The Mother: A Life of Sri Aurobindo’s Spiritual Collaborator, Peter Heehs. Haryana: Harper Collins, 2025. Pp337.
Often we don’t know what we have come here to do. Ultimately it hardly matters whether we know it or not, so said the Mother in a conversation.
There is no evil, there’s only disequilibrium (quoted in p211)
As Sri Aurobindo saw it, the Mother embodied mainly four great aspects — Wisdom, Strength, Harmony, and Perfection, and to the four he attributed these divine names– Maheshwari, Mahakali, Mahalakshmi, and Mahasaraswati . And once in response to a question by one disciple whether he meant these as qualities of “the Mother,” he answered in the affirmative. He represented the Purusha (Soul, Spirit) element and she the qualities of the Shakti (Force, Power). From this we are to assume that the Mother was his spiritual collaborator. This might sound strange for those quite unfamiliar to the practice of the Tantric system. In their entire collaborative effort in Yoga and meditation Sri Aurobindo chose to remain behind withdrawn and silent while Mirra Alfassa aka the Mother, was active in front, setting up the Ashram first, interacting with a steady stream of disciples and visitors, and eventually organizing and creating a Trust to run the day to day affairs of the establishment . For a person who grew up in 19th century France, with a mixed lineage of Jewish and Egyptian culture, caught in the early years in the web of Occultism, Judaism and many other similar religio-mystical movements of those times, travelling widely, and finally settling down as a spiritual collaborator of Sri Aurobindo, Mirra Alfassa’s life journey does not lend itself to easy mapping. And anyway, what was actually left for a biographer to narrate? Sri Aurobindo himself has maintained that his life was not on the outside for people to see, and in a similar way most of Mirra Alfassa’s life was submerged in her inner psychic activity, and her meditations. One must be able to act without any preference, she has noted, free from all attractions and likings, basing oneself solely on the Truth that guides. (210). For her, Truth and the work of the Divine as she “psychically sensed” it were as real as objective realities were for the ordinary people, and she constantly strived to uphold both.
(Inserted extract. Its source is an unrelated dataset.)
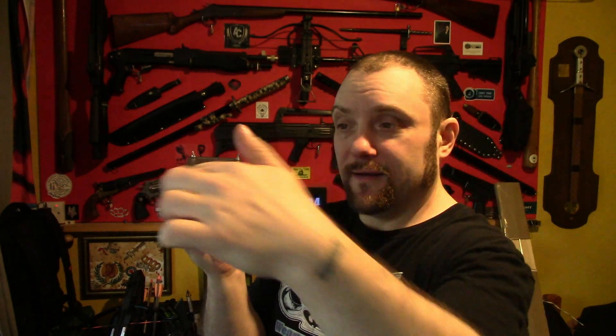Chronograph — it's got the arms coming off there — so I can now test crossbow poundages, foot pounds, air rifle foot pounds, and all stuff like that. Anything we can shoot through this, I can test to see the power of it.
Born as Blanche Rachel Mirra Alfassa, to Maurice and Mathilde Alfassa, who traced their roots through the Ottoman Jewish, to Cairo, Alexandria and France, she later moved to Pondicherry and adopted India as her home.
At the outset Peter Heeh’s book, The Mother: A Life of Sri Aurobindo’s Spiritual Collaborator, could easily present itself as belonging to that genre of “Westerner-finds-spiritual-truth-in- Asia”—or just another search in secret India. Knowing the outrage his earlier book on Sri Aurobindo created among the Ashram circles, one would assume that this is just-another “such stuff.” I was a bit prejudiced when I picked up the earliest copy as it bounced out of the press and pored over it. Strangely enough it reads quite an easy- to-read account of a life lived to the full with more than enough background reading materials and references. The book has turned out to be well-researched biography of a complex personality who grew up in the midst of the fast changing art-world of nineteenth century France, deeply involved in the occult practices and meditations of obscure Cosmic teachers and gurus whose concerns were other-worldly, deeply obsessed with what happens to the physical existence after death, and the one who finally met with a genuine guru in the small French occupied territory of Pondicherry. The Mother’s journey from France to Pondicherry, from the happening centre of the art-world to the real world of a sadhak profoundly dedicated to the work of the divine, in tune with a radical mystic is quite well documented by the author of this biography.
The book is divided into two parts, the first one comprising seven chapters describing events between the years 1878 and 1926, and second part with four chapters dealing with 1927 and 1973. There is also a prologue that sets forth the writer’s arguments as to how and why the biography took its present shape and how Mirra became the Mother. “I write with the assumption that Mirra Alfassa was not born with a prevision that she would take to the spiritual life,” writes Hees. “Her sense of spiritual vocation emerged gradually over the course of five decades … Like the rest of us, she had no clear knowledge of what would happen next.”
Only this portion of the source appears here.